# Best pentatonic scale video!!



## knight_yyz (Mar 14, 2015)

I've been practicing the a minor pentatonic for a while. It's the first one you're supposed to learn right? So I'm fairly condident that I can do all 5 positions without too much thinking. Then I started looking at all the scales that need to be learned and I was thinking how the heck do you memorize all that. Then I watched the video below. So I practiced the A minor pentatonic his way, well maybe a slight variation but I can now walk up the neck and be in A minor without too much thought. Then I was thinking, I wonder.... I have no idea what the notes are for the G minor pentatonic. But I applied his lesson, played the G note on the low E string and followed the exact same pattern and I was able to walk up the neck in G minor and have no idea as to what the notes were.

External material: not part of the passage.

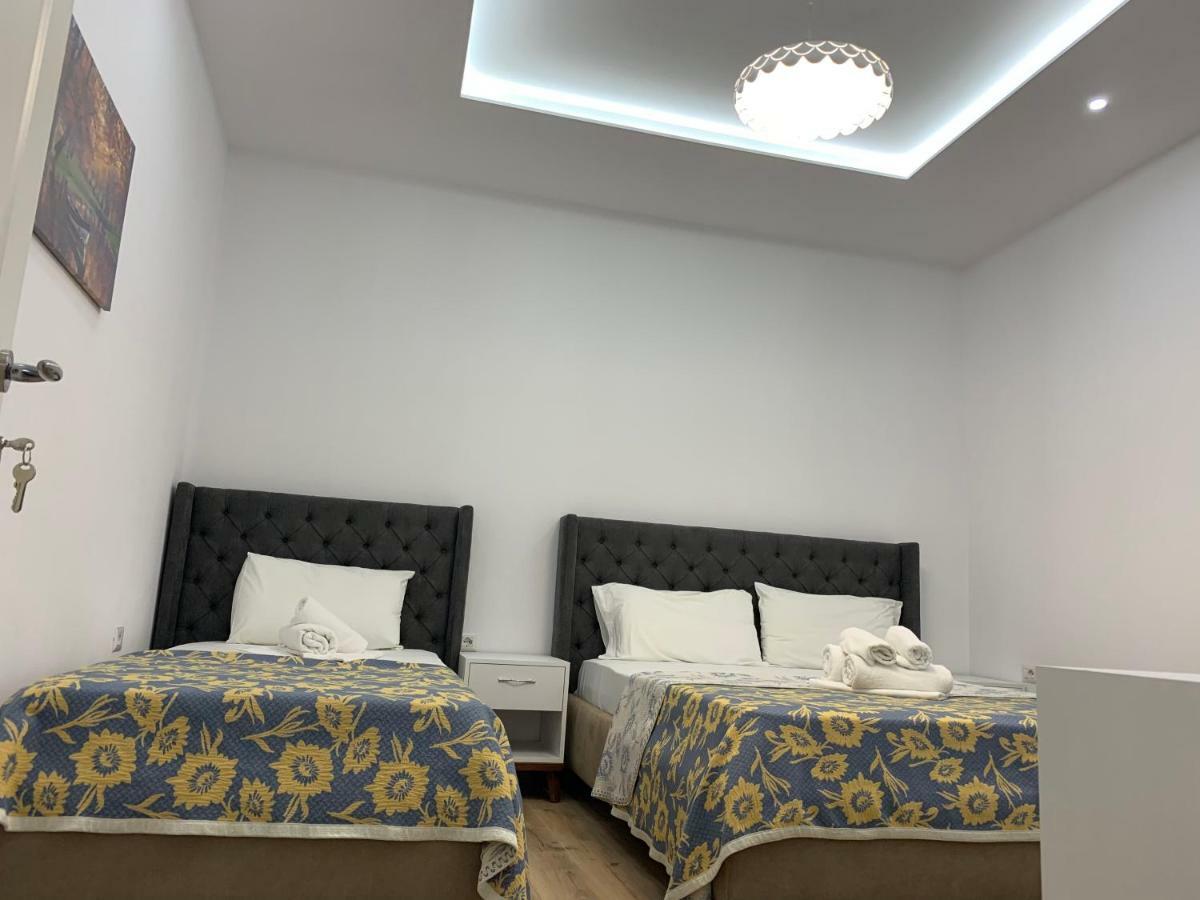 Hotel Jurgen Rinas ภายนอก รูปภาพ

I think this is the coolest lesson I have watched to date.


----------



## Guest (Jul 30, 2017)




----------



## Lola (Nov 16, 2014)

This is a really good video! I am already doing this, little did I know.


----------



## knight_yyz (Mar 14, 2015)

I know, and the best part is the pattern repeats no matter what your first note is. Why is this the only guy teaching this? A minor pentatonic was getting boring. I'm learning the fingerboard so much faster now


----------



## sulphur (Jun 2, 2011)

That was the first of his vids that I saw.

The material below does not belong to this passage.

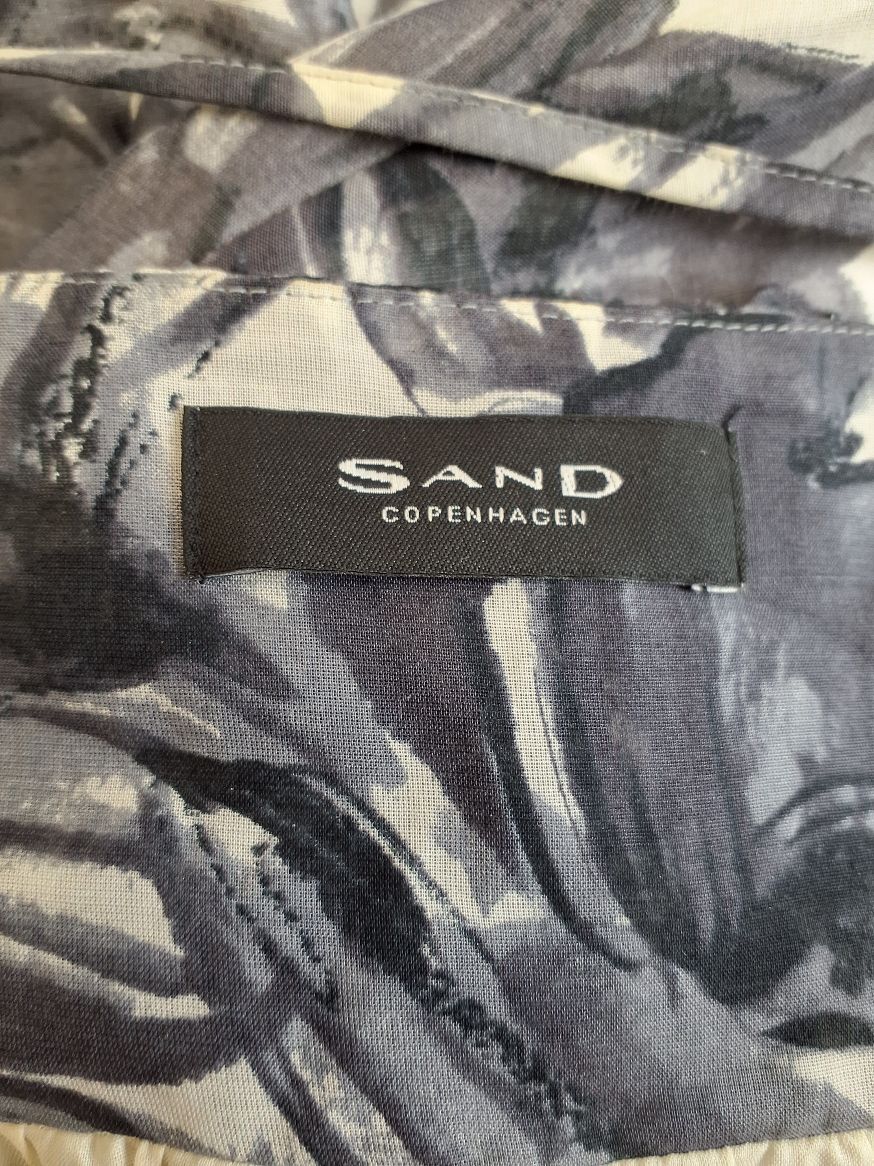 Sand Copenhagen Kjole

I had an "aha" moment when he mentioned using your index finger on the root note ascending and the ring finger decending on the scales.
Also, the single pattern makes it easier to digest. I was aware of the shapes of the scales and how they interlocked, but this did help.

I subbed to his channel, he's a Canuck too.


----------



## knight_yyz (Mar 14, 2015)

This lesson felt like an epiphany for me. I watched the video twice, went into the music room and nailed the pattern first time. Now instead of A minor pentatonic ad nauseum, I can pick any "root" and travel up the neck. I keep my Snark turned on so I can see what the notes are as go up an unfamiliar scale.. I'm not memorizing but I figure repetition will help in that regard.


----------



## Dorian2 (Jun 9, 2015)

I like the way that Stich approaches this idea. I learned a slightly (more position and theory intensive) way, but it all comes down to how he does it. A more intense way of learning this is by making yourself start any one Octave scale in any position with every finger on your fret hand. That approach is not for everyone though, it can be brutal and torturous.


----------



## leftysg (Mar 29, 2008)

Dorian2 said:


> I like the way that Stich approaches this idea. I learned a slightly (more position and theory intensive) way, but it all comes down to how he does it. A more intense way of learning this is by making yourself start any one Octave scale in any position with every finger on your fret hand. That approach is not for everyone though, it can be brutal and torturous.


This last bit sounds like Twister only for hands! I always liked Twister especially after a couple of drinks.


----------